Law & Humanities Blog


The South African Constitutional Court Fifteen Years On

Posted: 18 Jun 2011 11:37 AM PDT

D. M. Davis, University of Cape Town, has published South African Constitutional Jurisprudence: The First Fifteen Years at 6 Annual Review of Law and Social Science 285 (2010). Here is the abstract.



South Africa became a constitutional democracy in 1994. This article reviews the first 15 years of constitutional jurisprudence produced by the country's first Constitutional Court. While the court interpreted the Constitution to eradicate racist, sexist, and homophobic legislation and similar common law rules, it did little to promote a comprehensive transformation of the legal system and thus the patterns of distribution that were supported by the law. This is illustrated particularly in the area of social and economic rights.
The conclusion is thus reached that the new legal foundations are insufficiently resilient to hold the weight of constitutional expectation.The full text is not available from SSRN.

Research On Law

Posted: 18 Jun 2011 11:27 AM PDT

Mark C. Suchman, Brown University, and Elizabeth Mertz, University of Wisconsin, Madison, & American Bar Foundation, have published  Toward a New Legal Empiricism: Empirical Legal Studies and New Legal Realism at 6 Annual Review of Law and Social Science 555 (2010). Here is the abstract.
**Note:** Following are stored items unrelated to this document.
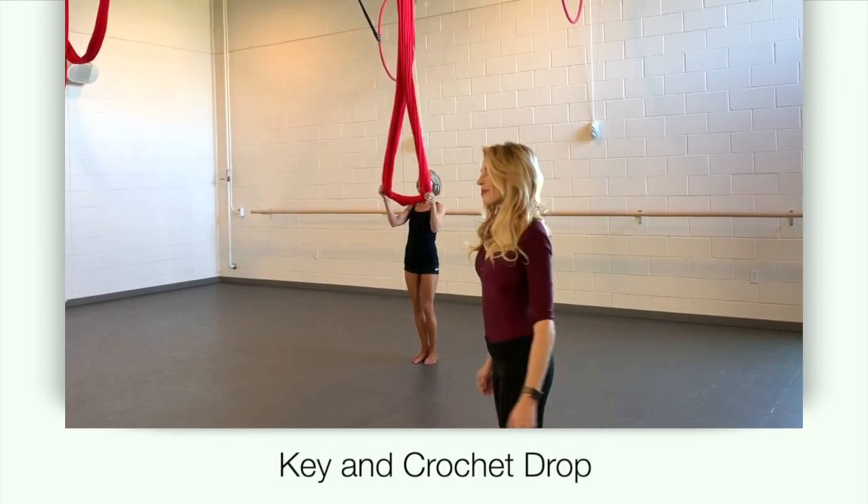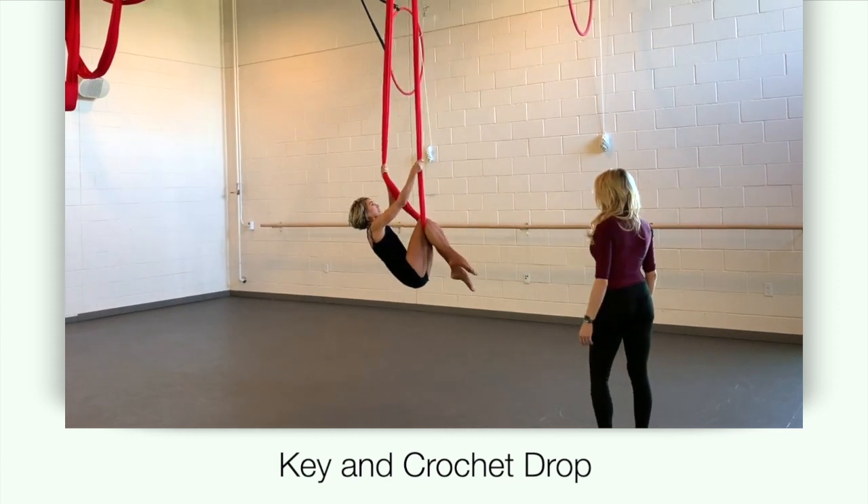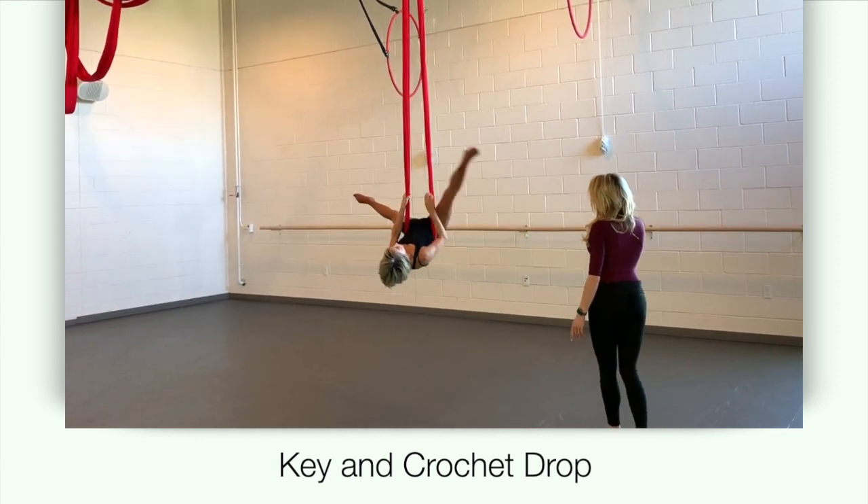This is the demonstration for key and crochet drop. Begin by mounting your hammock, lowering yourself to a straddle back, and then into your gazelle.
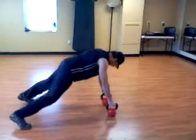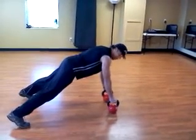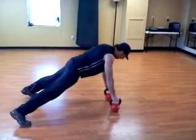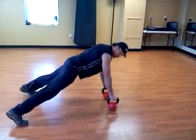Bend your feet out wide, hands shoulder-width apart. Engage your core and squeeze your glutes. Drop down and do a push-up, then without letting your pelvis tilt,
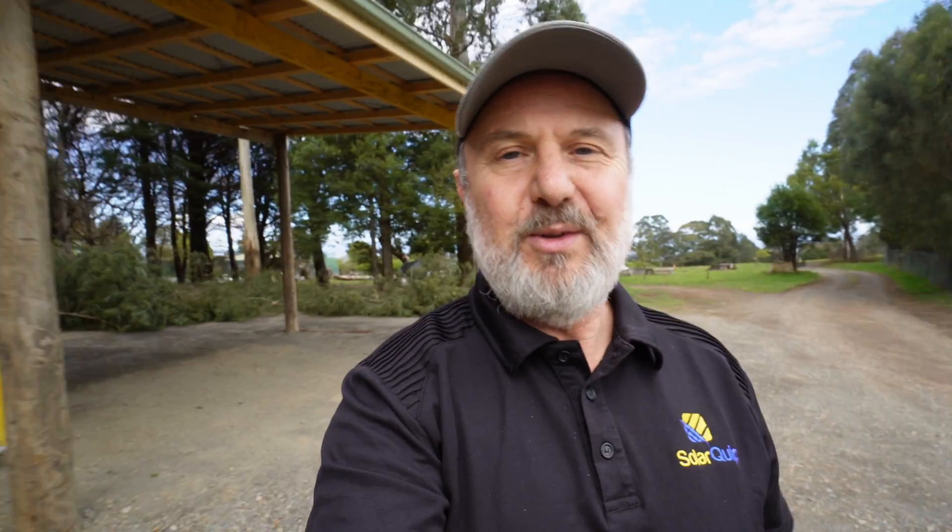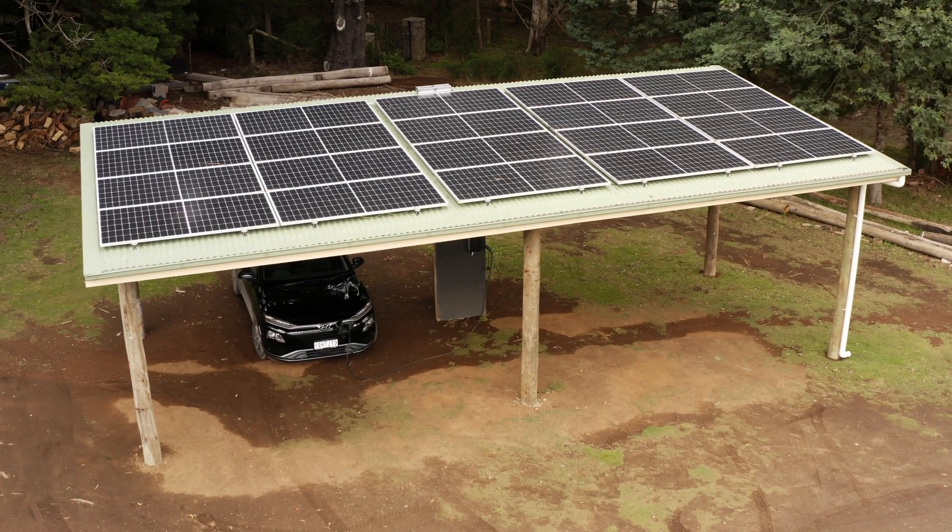We've got a lot of electric cars here at the Smart Energy Lab, so we need somewhere to protect them from the sun and also fast charge them. So we put up a roof — this is a corrugated iron roof — and we wanted to smother it with solar panels. We've got 20 450-watt Longhi solar panels on this roof, completely covering the roof.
The past decade has seen a return of interest in empirical research within the U.S. legal academy, hearkening back to a similar empirical turn during the ascendancy of Legal Realism in the New Deal era. However, the current revival of legal empiricism has emerged against the backdrop of several well-established traditions of empirical sociolegal research in the interdisciplinary law-and-society movement and in the social science disciplines. This article examines two of the most prominent manifestations of the "new" legal empiricism, empirical legal studies (ELS) and new legal realism (NLR), and it situates them within the preexisting sociolegal terrain. The analysis concludes by considering possible futures for empirical research on law.
The full text is not available from SSRN.